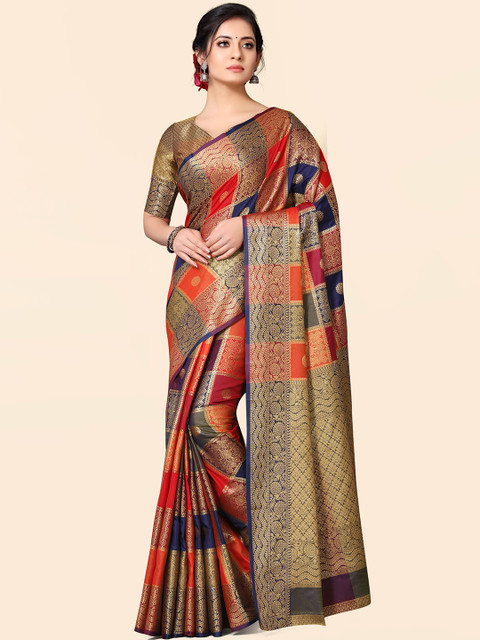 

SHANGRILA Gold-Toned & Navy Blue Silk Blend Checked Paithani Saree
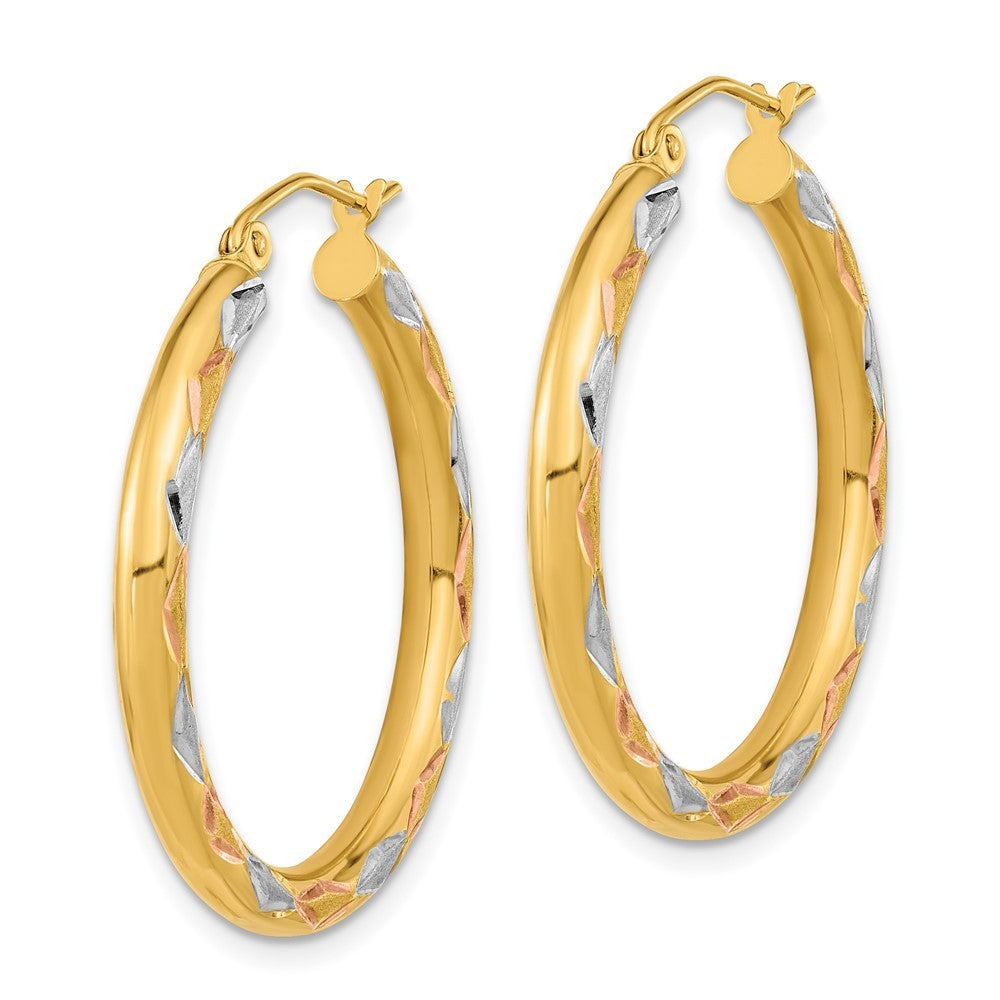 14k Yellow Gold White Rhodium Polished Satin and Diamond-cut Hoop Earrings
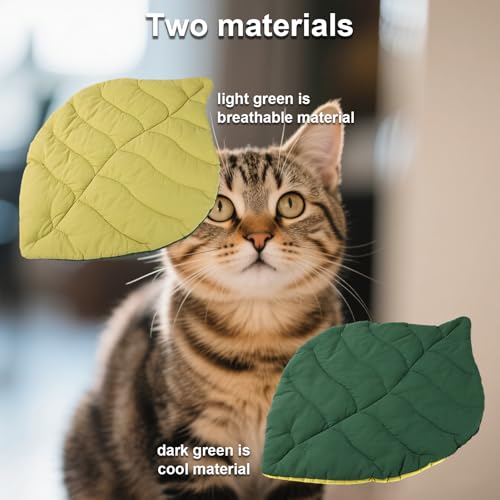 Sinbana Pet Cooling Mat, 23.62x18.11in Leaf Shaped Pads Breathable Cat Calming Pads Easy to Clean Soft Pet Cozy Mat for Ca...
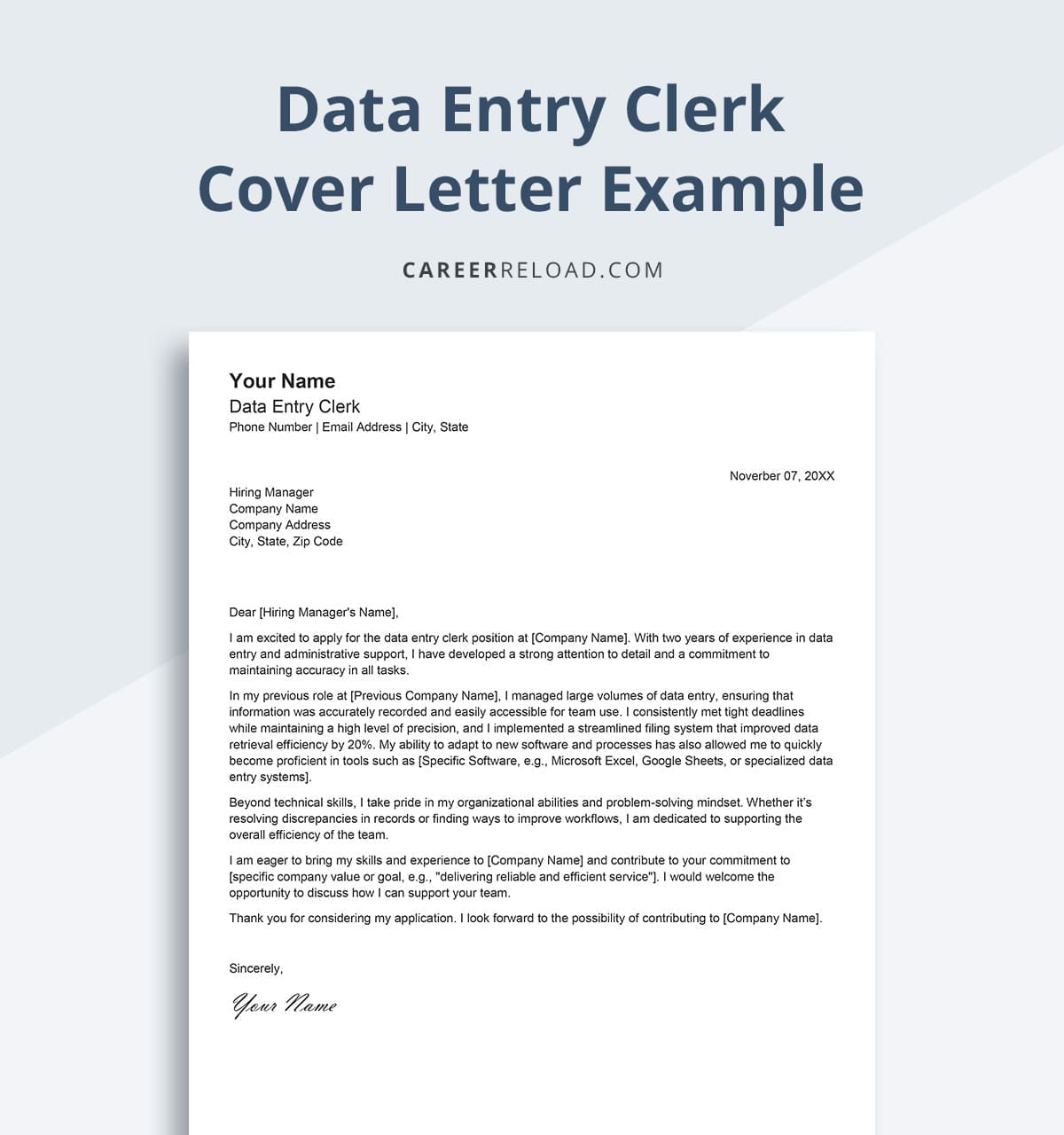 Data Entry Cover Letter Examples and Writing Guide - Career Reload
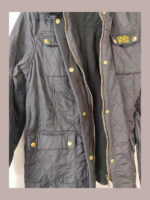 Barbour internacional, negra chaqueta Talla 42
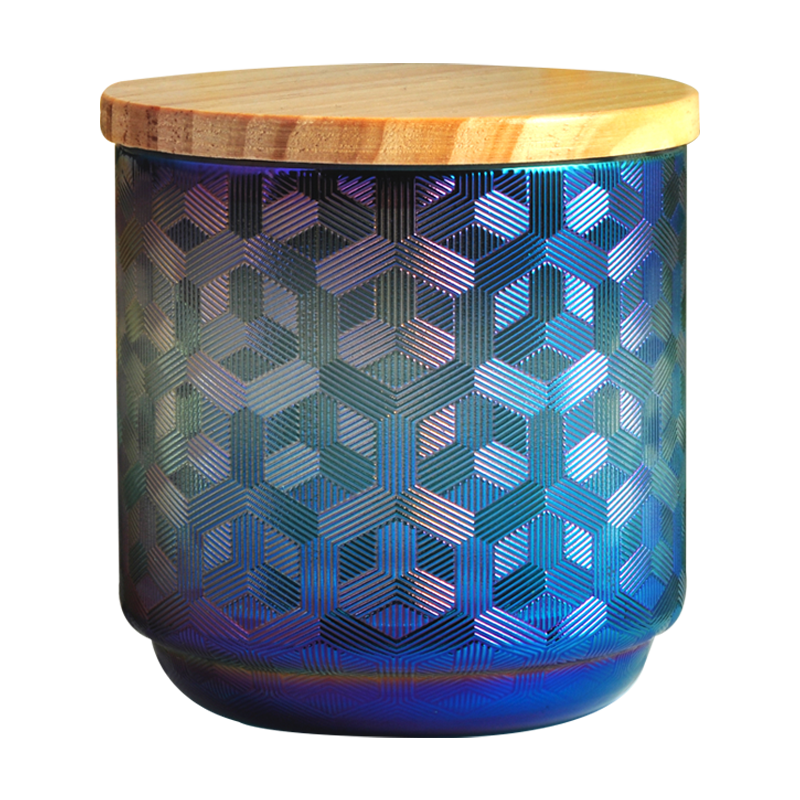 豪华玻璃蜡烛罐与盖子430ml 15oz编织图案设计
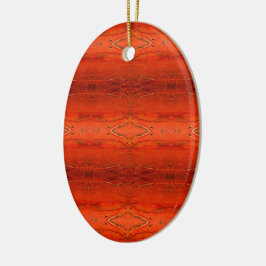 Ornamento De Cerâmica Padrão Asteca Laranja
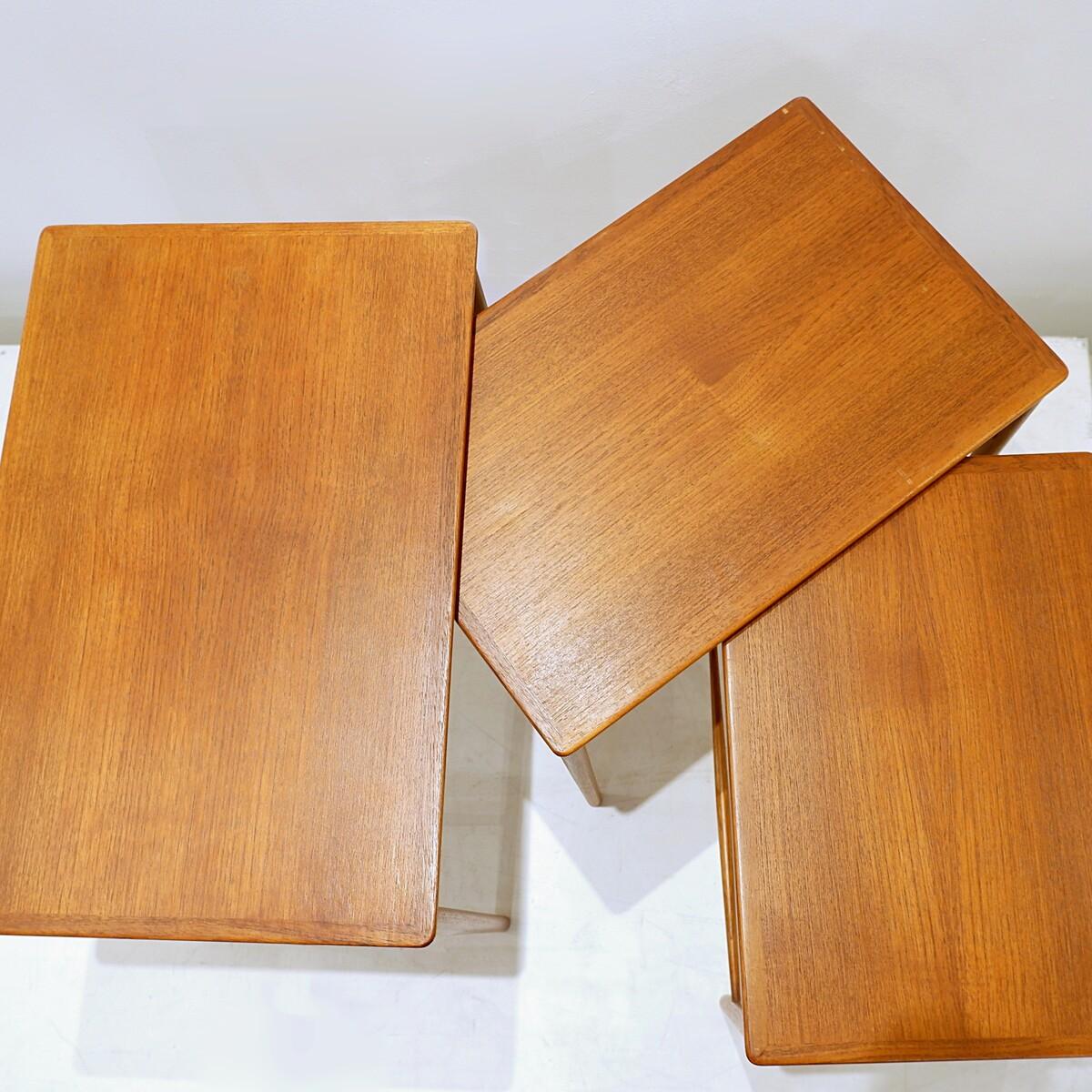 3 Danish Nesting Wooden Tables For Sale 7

*****

> Work to be completed: Where an entry holds an image, drop the image and copy the remaining text exactly.

> Output for this task:
SHANGRILA Gold-Toned & Navy Blue Silk Blend Checked Paithani Saree
 14k Yellow Gold White Rhodium Polished Satin and Diamond-cut Hoop Earrings
 Sinbana Pet Cooling Mat, 23.62x18.11in Leaf Shaped Pads Breathable Cat Calming Pads Easy to Clean Soft Pet Cozy Mat for Ca...
 Data Entry Cover Letter Examples and Writing Guide - Career Reload
 Barbour internacional, negra chaqueta Talla 42
 豪华玻璃蜡烛罐与盖子430ml 15oz编织图案设计
 Ornamento De Cerâmica Padrão Asteca Laranja
 3 Danish Nesting Wooden Tables For Sale 7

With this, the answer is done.